══ Data ══

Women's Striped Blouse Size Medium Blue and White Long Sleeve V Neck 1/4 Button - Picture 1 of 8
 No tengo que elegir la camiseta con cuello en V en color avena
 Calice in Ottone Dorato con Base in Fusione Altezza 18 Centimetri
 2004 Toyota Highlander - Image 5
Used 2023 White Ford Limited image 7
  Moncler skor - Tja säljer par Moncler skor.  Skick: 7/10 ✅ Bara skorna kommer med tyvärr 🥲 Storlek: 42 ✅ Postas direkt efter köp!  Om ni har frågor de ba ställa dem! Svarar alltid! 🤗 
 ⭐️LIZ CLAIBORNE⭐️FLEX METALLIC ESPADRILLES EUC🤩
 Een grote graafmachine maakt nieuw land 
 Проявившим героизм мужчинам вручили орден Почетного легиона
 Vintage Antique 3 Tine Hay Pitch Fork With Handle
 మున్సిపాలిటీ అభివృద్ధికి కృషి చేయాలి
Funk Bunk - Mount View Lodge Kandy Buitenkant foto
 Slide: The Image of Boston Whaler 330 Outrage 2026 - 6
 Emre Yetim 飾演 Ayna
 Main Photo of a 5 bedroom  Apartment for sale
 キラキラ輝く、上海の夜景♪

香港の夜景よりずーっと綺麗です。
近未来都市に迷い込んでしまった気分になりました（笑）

═══

**Try it**
Exactly the lines from the start of the entries through the one bearing "Проявившим героизм мужчинам" are to be output, with both ends included.

**Solution for this problem**
Women's Striped Blouse Size Medium Blue and White Long Sleeve V Neck 1/4 Button - Picture 1 of 8
 No tengo que elegir la camiseta con cuello en V en color avena
 Calice in Ottone Dorato con Base in Fusione Altezza 18 Centimetri
 2004 Toyota Highlander - Image 5
Used 2023 White Ford Limited image 7
  Moncler skor - Tja säljer par Moncler skor.  Skick: 7/10 ✅ Bara skorna kommer med tyvärr 🥲 Storlek: 42 ✅ Postas direkt efter köp!  Om ni har frågor de ba ställa dem! Svarar alltid! 🤗 
 ⭐️LIZ CLAIBORNE⭐️FLEX METALLIC ESPADRILLES EUC🤩
 Een grote graafmachine maakt nieuw land 
 Проявившим героизм мужчинам вручили орден Почетного легиона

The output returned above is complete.